【コラム】2025年度県立高校入試分析(数学)
2025年度千葉県立高校 入試分析 数学
■令和7年度入試問題の構成と特色
昨年度と出題順や大問構成は同じ。問題数は全27問、大問1では計算と小問集合、大問2では関数、大問3では平面図形、大問4では思考力を試す問題となっている。大問1での配点が多く占められているため、ここでのミスを減らして点数を積み上げながら、大問2以降は基本的な内容が聞かれる前半部分を確実に正解することが高得点のカギとなる。また、大問2以降では正答率の低い出題もあるため、そもそも解くことに時間を割くかどうかも含めた見極めが重要になる。
■大問ごとの特徴
〔大問1〕配点51点
難易度は例年通り。(3)②や(6)などは私立高校入試でよく見かけるような問題であり、県立入試ではあまり見かけることがない問題が出題された。また、(4)②や(5)は解くために時間がかかるため、答えは出せたものの後半の時間配分に影響が出てきた受験生も多かったであろう。作図は例年難易度が高く手が出せない受験生も多かったが、今年度は解きやすい形になっていた。この傾向が続く場合には、作図も取るべき問題の1つになってくる。
〔大問2〕配点15点
(3)はしばらく出題のなかった反比例のグラフ。平行四辺形の性質を利用していくこととなり、難度はやや高い。(3)は毎年正答率が10%を下回る難問だが今年も難度は高い。受験校や目標点数にもよるが、(2)までを確実に解けるようにしていくことが大切である。
〔大問3〕配点16点
(2)は二等辺三角形の図形の性質を利用する記述問題。(3)は相似と三平方を利用していくものであり難しい。直接面積を求めるよりも相似比から面積比を求めていくと計算が楽にできるもので、経験・テクニックで差がつく。
〔大問4〕配点18点
前半が平面の転がり移動、後半が立体の転がり移動の問題。出題の型は変わったが、典型問題であったため対策を十分にしてきた生徒にとっては手が付けやすかったと思われる。後半はあまり見かけない空間図形からの出題であったが、きちんと読み解いていくと基礎的な規則性の内容であった。文章量が多いため、与えられた情報を正しく読み取ることや、それらを活用して思考できるかどうかが大切。差がつく大問であったと考えられる。
■2026年度入試 受験生へのアドバイス
基本的なものから正答率が低い難問まで、幅広く出題されるのが千葉県立入試の数学である。また配点の大きさが数学の特徴の一つであり、正答率の比較的低い基本的な問題での失点が命取りになる。応用問題を中心とした演習ではなく、全国の過去問題を解きながらも、いかに基礎問題での失点を抑えられるかに真摯に向き合いたい。
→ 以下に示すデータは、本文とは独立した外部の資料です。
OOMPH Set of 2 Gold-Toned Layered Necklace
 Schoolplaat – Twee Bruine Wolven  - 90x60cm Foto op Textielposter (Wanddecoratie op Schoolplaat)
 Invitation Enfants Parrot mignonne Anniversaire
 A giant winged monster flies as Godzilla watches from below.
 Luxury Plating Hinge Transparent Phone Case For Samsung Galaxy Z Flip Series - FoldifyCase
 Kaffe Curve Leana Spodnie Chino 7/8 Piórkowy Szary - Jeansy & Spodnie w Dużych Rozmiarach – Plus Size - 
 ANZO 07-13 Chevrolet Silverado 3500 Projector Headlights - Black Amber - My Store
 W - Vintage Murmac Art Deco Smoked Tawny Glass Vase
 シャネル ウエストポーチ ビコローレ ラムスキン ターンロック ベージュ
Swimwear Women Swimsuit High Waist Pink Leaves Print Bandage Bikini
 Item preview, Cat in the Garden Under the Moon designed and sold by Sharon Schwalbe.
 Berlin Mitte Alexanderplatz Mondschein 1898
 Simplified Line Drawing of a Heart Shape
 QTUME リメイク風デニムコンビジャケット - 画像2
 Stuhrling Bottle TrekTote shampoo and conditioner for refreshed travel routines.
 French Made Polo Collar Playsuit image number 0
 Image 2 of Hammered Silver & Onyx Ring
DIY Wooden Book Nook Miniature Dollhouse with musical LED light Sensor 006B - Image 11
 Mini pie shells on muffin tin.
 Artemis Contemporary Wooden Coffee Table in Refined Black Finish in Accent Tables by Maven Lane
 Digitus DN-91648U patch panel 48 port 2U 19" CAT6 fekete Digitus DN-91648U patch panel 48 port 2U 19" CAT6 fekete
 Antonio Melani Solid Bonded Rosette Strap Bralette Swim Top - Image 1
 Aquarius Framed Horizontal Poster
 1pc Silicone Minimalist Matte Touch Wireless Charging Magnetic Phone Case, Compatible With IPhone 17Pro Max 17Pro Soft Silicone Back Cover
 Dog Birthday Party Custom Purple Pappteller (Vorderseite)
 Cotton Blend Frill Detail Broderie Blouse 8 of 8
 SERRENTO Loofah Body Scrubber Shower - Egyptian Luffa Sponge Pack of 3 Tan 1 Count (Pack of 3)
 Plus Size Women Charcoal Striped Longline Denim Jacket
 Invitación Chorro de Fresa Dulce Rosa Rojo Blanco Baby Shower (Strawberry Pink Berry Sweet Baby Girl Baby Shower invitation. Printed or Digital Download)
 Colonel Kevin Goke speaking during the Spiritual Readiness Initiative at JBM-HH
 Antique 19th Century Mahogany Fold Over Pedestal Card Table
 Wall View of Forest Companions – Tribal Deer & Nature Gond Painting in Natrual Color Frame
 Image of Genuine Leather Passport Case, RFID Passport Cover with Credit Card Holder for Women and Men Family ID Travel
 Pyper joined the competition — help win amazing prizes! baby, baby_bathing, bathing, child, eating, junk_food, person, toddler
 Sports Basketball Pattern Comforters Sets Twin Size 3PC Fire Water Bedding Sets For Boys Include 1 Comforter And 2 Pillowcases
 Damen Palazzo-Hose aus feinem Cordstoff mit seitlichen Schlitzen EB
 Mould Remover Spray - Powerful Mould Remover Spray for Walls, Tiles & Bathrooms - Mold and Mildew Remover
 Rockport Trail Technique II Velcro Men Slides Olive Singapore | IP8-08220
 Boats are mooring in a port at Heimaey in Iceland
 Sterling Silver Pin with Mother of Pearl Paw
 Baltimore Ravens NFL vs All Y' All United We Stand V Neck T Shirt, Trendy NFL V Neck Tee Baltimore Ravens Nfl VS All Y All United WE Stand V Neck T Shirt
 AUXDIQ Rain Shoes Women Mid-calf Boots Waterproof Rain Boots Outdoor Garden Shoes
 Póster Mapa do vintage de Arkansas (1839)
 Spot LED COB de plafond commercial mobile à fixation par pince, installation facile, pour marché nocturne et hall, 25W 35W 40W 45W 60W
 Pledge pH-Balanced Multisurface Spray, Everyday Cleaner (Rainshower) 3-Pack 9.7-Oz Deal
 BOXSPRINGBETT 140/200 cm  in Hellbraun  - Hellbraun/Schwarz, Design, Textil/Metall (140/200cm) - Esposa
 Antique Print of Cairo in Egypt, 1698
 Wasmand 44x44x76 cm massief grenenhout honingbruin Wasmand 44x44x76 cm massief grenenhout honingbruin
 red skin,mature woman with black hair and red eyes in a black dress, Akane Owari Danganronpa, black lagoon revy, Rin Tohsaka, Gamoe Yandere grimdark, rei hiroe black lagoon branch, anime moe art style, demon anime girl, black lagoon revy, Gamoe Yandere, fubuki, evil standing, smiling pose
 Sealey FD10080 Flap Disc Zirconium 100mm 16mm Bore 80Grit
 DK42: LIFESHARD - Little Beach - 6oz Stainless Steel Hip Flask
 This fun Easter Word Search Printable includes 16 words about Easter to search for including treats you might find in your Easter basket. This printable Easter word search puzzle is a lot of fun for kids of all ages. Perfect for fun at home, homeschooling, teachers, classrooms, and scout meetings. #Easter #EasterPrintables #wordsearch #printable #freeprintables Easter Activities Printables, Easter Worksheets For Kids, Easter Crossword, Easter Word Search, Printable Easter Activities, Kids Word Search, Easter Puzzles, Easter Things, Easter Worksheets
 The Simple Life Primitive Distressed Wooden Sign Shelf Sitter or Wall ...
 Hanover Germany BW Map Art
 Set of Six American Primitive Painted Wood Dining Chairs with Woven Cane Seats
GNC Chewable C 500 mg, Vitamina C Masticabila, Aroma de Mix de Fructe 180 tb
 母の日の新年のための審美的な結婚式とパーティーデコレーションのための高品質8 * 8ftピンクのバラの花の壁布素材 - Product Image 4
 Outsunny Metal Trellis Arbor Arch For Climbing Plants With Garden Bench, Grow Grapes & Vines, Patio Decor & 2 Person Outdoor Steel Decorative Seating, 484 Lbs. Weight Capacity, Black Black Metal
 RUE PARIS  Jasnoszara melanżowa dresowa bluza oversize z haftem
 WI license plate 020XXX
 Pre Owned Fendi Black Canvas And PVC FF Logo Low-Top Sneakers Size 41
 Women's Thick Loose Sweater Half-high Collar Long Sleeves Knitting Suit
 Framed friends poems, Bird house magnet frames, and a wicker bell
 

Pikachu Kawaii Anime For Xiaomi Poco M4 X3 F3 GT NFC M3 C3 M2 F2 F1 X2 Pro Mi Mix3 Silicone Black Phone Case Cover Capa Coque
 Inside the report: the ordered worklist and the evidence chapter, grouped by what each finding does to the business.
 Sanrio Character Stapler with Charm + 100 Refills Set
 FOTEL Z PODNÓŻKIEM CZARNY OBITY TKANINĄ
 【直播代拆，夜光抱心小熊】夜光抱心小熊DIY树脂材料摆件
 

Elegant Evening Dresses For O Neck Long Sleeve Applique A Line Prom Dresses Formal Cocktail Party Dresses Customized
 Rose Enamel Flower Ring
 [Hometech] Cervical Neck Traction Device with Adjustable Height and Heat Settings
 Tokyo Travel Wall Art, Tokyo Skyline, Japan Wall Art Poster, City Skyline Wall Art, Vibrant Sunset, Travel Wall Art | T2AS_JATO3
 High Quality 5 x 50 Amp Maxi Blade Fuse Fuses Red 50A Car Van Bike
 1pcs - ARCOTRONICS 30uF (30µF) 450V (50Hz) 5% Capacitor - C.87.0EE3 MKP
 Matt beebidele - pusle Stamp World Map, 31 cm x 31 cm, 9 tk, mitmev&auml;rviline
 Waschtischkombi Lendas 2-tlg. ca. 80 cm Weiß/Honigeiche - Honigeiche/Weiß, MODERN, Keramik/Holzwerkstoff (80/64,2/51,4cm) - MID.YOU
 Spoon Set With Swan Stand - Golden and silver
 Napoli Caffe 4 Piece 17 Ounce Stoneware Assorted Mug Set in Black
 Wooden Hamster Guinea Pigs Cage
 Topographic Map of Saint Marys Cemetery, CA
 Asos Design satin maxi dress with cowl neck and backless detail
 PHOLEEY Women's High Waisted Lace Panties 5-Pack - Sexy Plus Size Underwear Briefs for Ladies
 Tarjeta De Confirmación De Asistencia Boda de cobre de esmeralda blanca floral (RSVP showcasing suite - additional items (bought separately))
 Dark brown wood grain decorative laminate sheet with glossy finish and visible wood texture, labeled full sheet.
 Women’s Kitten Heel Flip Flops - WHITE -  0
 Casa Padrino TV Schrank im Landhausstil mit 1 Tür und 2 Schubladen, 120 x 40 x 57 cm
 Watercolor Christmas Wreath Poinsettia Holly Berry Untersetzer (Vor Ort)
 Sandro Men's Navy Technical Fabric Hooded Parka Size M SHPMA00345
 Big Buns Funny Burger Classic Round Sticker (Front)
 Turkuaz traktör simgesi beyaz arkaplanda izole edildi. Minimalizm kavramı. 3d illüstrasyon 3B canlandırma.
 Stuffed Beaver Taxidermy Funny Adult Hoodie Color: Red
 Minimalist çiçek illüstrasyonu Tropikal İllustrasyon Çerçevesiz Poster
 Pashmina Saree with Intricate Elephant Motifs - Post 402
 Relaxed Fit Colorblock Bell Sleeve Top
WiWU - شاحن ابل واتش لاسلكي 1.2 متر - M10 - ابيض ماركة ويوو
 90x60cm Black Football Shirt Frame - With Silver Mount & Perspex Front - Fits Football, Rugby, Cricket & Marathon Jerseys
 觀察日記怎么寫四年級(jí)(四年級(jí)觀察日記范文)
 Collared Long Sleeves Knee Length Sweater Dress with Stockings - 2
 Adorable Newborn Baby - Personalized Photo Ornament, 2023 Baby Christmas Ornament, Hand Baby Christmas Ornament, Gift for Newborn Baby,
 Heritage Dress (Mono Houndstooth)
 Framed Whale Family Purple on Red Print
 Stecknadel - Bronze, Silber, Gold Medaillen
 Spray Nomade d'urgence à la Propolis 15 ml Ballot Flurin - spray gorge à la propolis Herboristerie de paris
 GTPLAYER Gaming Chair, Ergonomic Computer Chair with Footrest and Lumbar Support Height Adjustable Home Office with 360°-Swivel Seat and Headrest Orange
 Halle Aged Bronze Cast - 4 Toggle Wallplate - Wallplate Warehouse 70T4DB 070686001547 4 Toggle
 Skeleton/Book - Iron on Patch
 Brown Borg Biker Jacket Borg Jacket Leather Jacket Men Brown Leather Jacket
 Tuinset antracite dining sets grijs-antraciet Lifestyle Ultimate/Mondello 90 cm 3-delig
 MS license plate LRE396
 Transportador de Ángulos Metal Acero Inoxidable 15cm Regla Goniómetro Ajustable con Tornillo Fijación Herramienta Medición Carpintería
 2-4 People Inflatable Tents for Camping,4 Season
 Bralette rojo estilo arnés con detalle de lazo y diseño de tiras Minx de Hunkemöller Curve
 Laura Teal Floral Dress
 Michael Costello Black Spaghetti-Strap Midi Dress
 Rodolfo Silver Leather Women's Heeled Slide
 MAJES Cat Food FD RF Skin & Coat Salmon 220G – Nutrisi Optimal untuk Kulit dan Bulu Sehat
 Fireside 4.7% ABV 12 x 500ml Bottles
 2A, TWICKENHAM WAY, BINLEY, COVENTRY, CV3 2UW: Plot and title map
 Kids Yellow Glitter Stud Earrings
加えて、昨今の千葉県立入試では、「長文を読み解く力」も求められる傾向にある。必要な情報を読み取り、単元の選定や答えを導く「読解力」も必要で、模擬試験や予想問題などを活用しながら、しっかりとトレーニングを積み重ねて欲しい。
最後に、数学は受験の主役になりがちだが、県立入試は5教科等しく100点満点で実施される。数学が得意だけでは足りないし、数学が苦手なだけでは何も終わらない。総合力を鍛えて受験を乗り越えていってほしい。